About this task →
All records after this line are to be returned verbatim.

Dataset records →

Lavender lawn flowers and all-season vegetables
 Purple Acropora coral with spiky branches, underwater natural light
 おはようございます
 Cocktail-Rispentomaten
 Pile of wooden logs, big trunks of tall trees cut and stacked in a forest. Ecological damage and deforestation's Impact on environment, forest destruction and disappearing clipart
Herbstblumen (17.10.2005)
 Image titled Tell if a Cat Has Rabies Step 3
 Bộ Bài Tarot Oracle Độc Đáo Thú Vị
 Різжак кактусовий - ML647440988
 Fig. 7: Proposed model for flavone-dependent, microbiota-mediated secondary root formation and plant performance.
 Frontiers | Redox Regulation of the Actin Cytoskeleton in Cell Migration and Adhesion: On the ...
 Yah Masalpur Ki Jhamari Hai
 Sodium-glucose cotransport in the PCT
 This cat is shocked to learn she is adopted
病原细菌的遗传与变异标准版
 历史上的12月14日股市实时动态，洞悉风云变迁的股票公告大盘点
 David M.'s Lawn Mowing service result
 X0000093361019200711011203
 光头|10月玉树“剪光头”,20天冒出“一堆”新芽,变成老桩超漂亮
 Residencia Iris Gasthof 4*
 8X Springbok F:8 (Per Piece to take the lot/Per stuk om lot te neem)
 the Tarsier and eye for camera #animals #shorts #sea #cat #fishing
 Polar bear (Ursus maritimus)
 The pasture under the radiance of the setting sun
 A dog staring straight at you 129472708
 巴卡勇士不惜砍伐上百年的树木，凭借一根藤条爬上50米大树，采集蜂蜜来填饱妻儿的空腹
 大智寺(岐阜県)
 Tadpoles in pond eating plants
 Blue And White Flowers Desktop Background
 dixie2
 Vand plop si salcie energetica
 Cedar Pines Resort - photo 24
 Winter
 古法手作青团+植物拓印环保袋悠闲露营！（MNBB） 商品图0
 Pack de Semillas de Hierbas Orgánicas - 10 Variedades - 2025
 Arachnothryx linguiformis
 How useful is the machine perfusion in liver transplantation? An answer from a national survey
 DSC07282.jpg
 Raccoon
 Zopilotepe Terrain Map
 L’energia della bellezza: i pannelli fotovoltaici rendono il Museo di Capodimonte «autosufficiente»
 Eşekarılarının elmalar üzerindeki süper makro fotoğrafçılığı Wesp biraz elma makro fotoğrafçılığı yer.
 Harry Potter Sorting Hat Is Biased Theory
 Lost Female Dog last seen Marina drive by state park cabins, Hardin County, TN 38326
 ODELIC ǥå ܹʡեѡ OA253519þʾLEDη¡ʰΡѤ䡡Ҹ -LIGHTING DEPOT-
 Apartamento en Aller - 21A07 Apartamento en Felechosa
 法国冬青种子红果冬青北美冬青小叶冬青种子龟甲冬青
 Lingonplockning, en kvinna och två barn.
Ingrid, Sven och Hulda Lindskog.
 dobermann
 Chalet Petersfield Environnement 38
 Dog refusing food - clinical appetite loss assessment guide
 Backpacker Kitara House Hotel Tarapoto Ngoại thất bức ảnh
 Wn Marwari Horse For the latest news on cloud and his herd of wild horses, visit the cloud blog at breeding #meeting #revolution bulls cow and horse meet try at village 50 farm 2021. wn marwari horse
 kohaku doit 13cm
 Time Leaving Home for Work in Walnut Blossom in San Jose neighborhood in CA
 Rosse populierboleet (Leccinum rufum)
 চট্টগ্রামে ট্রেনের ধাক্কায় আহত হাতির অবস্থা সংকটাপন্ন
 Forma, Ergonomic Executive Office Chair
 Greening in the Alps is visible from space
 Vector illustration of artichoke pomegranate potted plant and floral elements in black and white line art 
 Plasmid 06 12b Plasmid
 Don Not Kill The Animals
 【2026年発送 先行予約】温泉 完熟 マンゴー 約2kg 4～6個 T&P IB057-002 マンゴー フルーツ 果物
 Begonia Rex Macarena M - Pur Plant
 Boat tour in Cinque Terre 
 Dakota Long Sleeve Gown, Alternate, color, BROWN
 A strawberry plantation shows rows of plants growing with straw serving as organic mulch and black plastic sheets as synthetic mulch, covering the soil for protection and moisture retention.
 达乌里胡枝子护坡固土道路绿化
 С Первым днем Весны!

Task result →
Lavender lawn flowers and all-season vegetables
 Purple Acropora coral with spiky branches, underwater natural light
 おはようございます
 Cocktail-Rispentomaten
 Pile of wooden logs, big trunks of tall trees cut and stacked in a forest. Ecological damage and deforestation's Impact on environment, forest destruction and disappearing clipart
Herbstblumen (17.10.2005)
 Image titled Tell if a Cat Has Rabies Step 3
 Bộ Bài Tarot Oracle Độc Đáo Thú Vị
 Різжак кактусовий - ML647440988
 Fig. 7: Proposed model for flavone-dependent, microbiota-mediated secondary root formation and plant performance.
 Frontiers | Redox Regulation of the Actin Cytoskeleton in Cell Migration and Adhesion: On the ...
 Yah Masalpur Ki Jhamari Hai
 Sodium-glucose cotransport in the PCT
 This cat is shocked to learn she is adopted
病原细菌的遗传与变异标准版
 历史上的12月14日股市实时动态，洞悉风云变迁的股票公告大盘点
 David M.'s Lawn Mowing service result
 X0000093361019200711011203
 光头|10月玉树“剪光头”,20天冒出“一堆”新芽,变成老桩超漂亮
 Residencia Iris Gasthof 4*
 8X Springbok F:8 (Per Piece to take the lot/Per stuk om lot te neem)
 the Tarsier and eye for camera #animals #shorts #sea #cat #fishing
 Polar bear (Ursus maritimus)
 The pasture under the radiance of the setting sun
 A dog staring straight at you 129472708
 巴卡勇士不惜砍伐上百年的树木，凭借一根藤条爬上50米大树，采集蜂蜜来填饱妻儿的空腹
 大智寺(岐阜県)
 Tadpoles in pond eating plants
 Blue And White Flowers Desktop Background
 dixie2
 Vand plop si salcie energetica
 Cedar Pines Resort - photo 24
 Winter
 古法手作青团+植物拓印环保袋悠闲露营！（MNBB） 商品图0
 Pack de Semillas de Hierbas Orgánicas - 10 Variedades - 2025
 Arachnothryx linguiformis
 How useful is the machine perfusion in liver transplantation? An answer from a national survey
 DSC07282.jpg
 Raccoon
 Zopilotepe Terrain Map
 L’energia della bellezza: i pannelli fotovoltaici rendono il Museo di Capodimonte «autosufficiente»
 Eşekarılarının elmalar üzerindeki süper makro fotoğrafçılığı Wesp biraz elma makro fotoğrafçılığı yer.
 Harry Potter Sorting Hat Is Biased Theory
 Lost Female Dog last seen Marina drive by state park cabins, Hardin County, TN 38326
 ODELIC ǥå ܹʡեѡ OA253519þʾLEDη¡ʰΡѤ䡡Ҹ -LIGHTING DEPOT-
 Apartamento en Aller - 21A07 Apartamento en Felechosa
 法国冬青种子红果冬青北美冬青小叶冬青种子龟甲冬青
 Lingonplockning, en kvinna och två barn.
Ingrid, Sven och Hulda Lindskog.
 dobermann
 Chalet Petersfield Environnement 38
 Dog refusing food - clinical appetite loss assessment guide
 Backpacker Kitara House Hotel Tarapoto Ngoại thất bức ảnh
 Wn Marwari Horse For the latest news on cloud and his herd of wild horses, visit the cloud blog at breeding #meeting #revolution bulls cow and horse meet try at village 50 farm 2021. wn marwari horse
 kohaku doit 13cm
 Time Leaving Home for Work in Walnut Blossom in San Jose neighborhood in CA
 Rosse populierboleet (Leccinum rufum)
 চট্টগ্রামে ট্রেনের ধাক্কায় আহত হাতির অবস্থা সংকটাপন্ন
 Forma, Ergonomic Executive Office Chair
 Greening in the Alps is visible from space
 Vector illustration of artichoke pomegranate potted plant and floral elements in black and white line art 
 Plasmid 06 12b Plasmid
 Don Not Kill The Animals
 【2026年発送 先行予約】温泉 完熟 マンゴー 約2kg 4～6個 T&P IB057-002 マンゴー フルーツ 果物
 Begonia Rex Macarena M - Pur Plant
 Boat tour in Cinque Terre 
 Dakota Long Sleeve Gown, Alternate, color, BROWN
 A strawberry plantation shows rows of plants growing with straw serving as organic mulch and black plastic sheets as synthetic mulch, covering the soil for protection and moisture retention.
 达乌里胡枝子护坡固土道路绿化
 С Первым днем Весны!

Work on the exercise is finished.